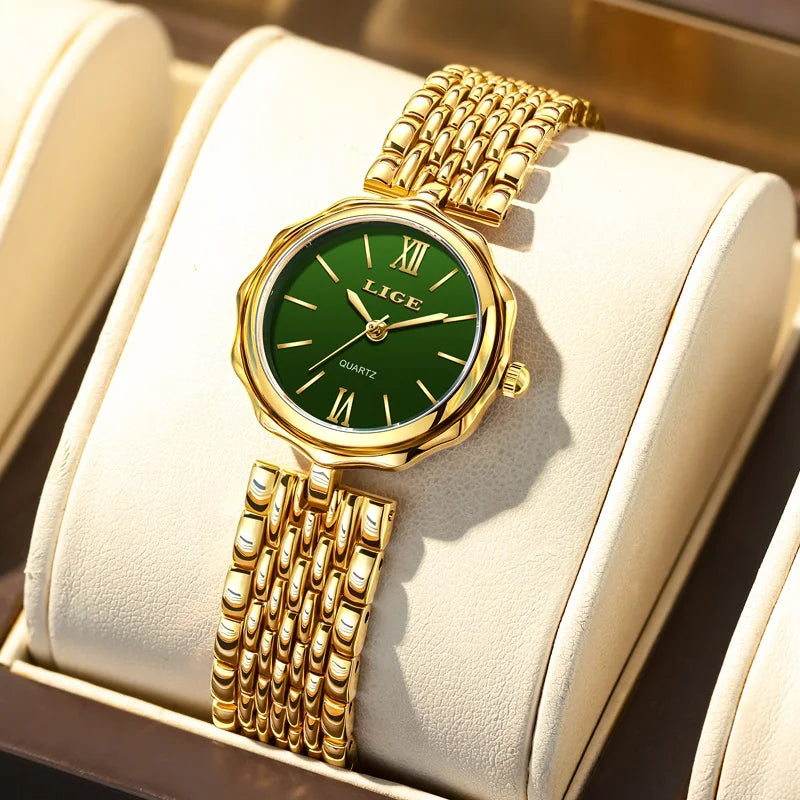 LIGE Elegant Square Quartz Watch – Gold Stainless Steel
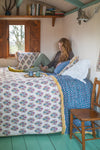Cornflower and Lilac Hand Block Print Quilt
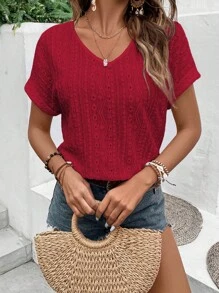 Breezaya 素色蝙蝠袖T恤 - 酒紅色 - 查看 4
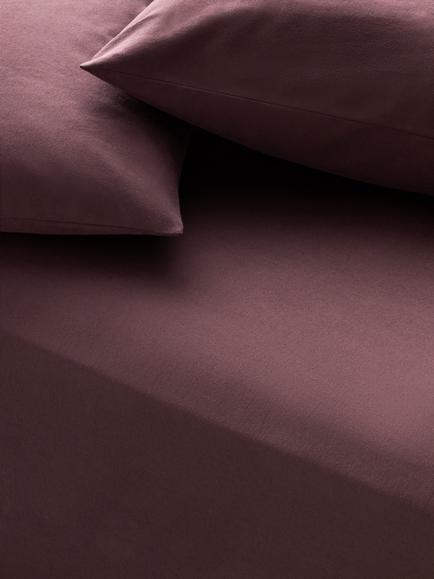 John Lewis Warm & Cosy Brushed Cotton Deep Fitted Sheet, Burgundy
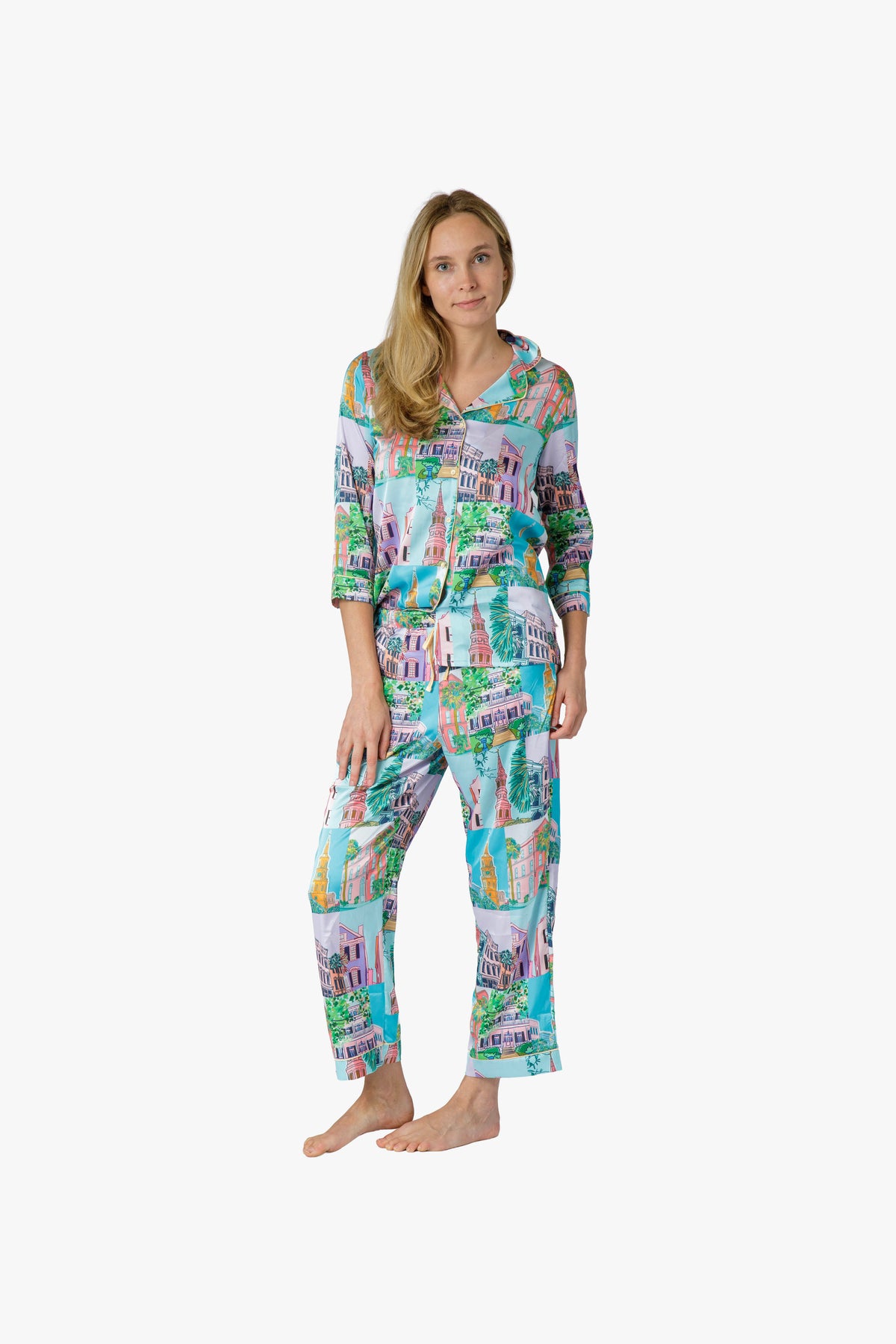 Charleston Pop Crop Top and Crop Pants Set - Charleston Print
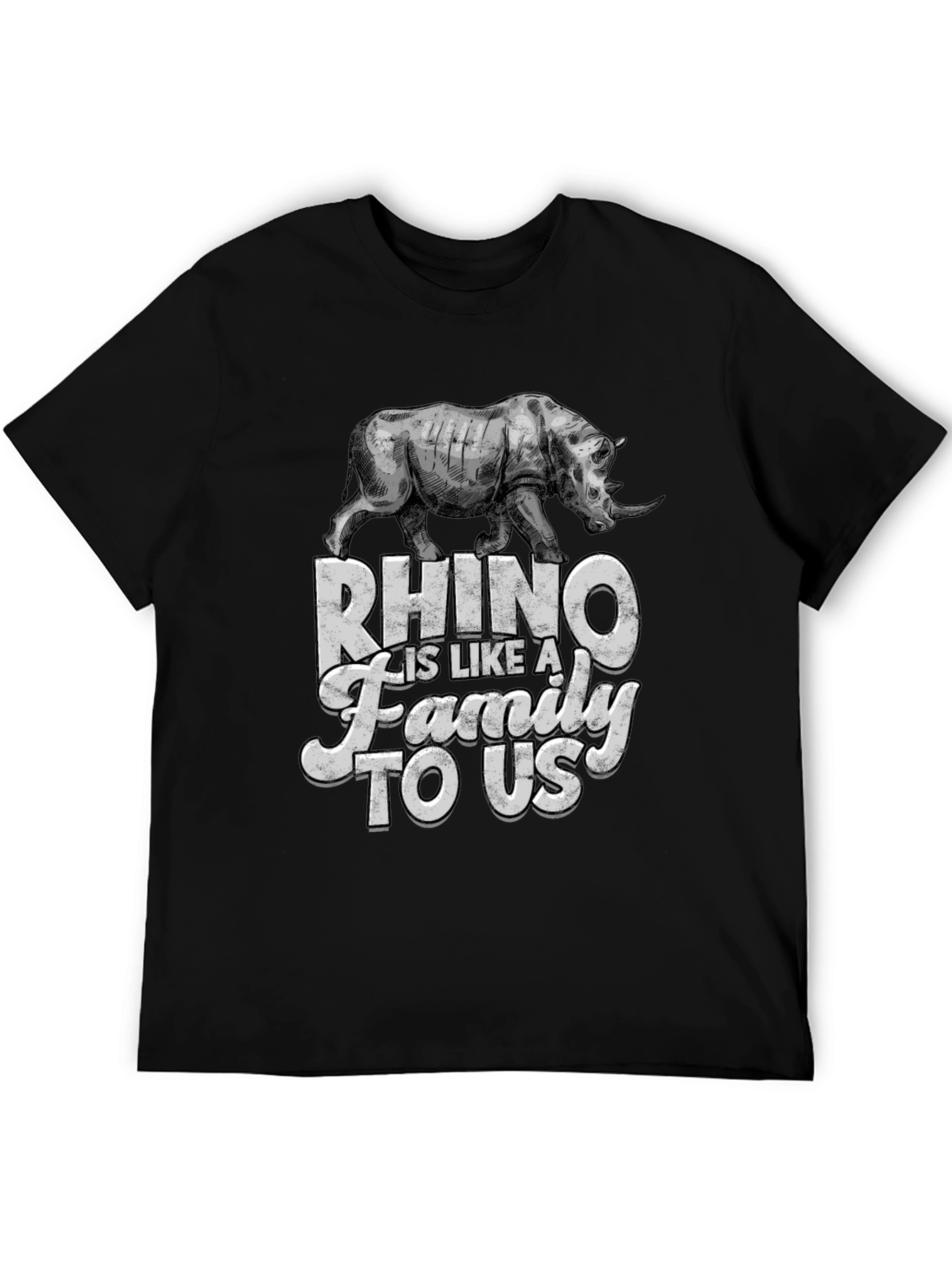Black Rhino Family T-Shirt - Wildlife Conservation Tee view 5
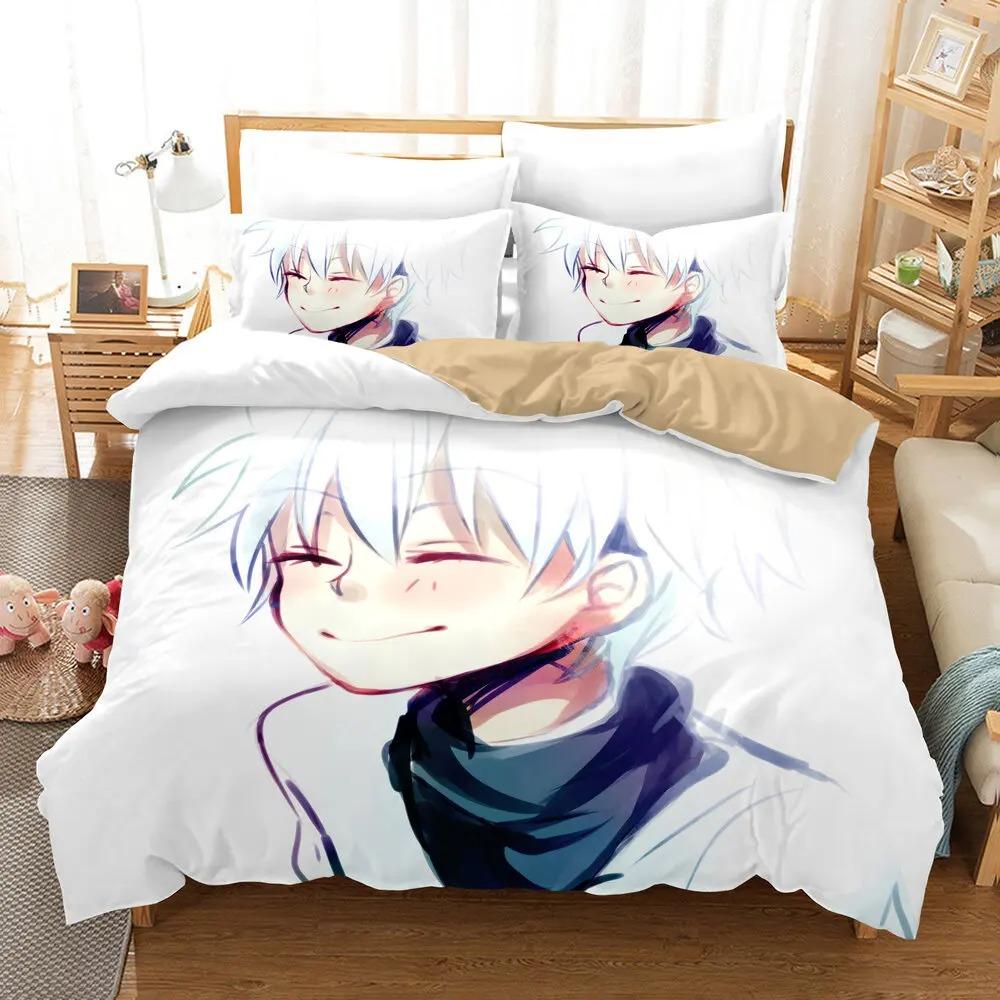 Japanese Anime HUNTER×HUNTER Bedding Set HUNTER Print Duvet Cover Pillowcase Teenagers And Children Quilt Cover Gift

+ + +

TASK GOAL: Give back the entire listing verbatim, without the pictures.

RESULT OF THIS TASK:
 LIGE Elegant Square Quartz Watch – Gold Stainless Steel
Cornflower and Lilac Hand Block Print Quilt
 Breezaya 素色蝙蝠袖T恤 - 酒紅色 - 查看 4
 John Lewis Warm & Cosy Brushed Cotton Deep Fitted Sheet, Burgundy
 Charleston Pop Crop Top and Crop Pants Set - Charleston Print
Black Rhino Family T-Shirt - Wildlife Conservation Tee view 5
 Japanese Anime HUNTER×HUNTER Bedding Set HUNTER Print Duvet Cover Pillowcase Teenagers And Children Quilt Cover Gift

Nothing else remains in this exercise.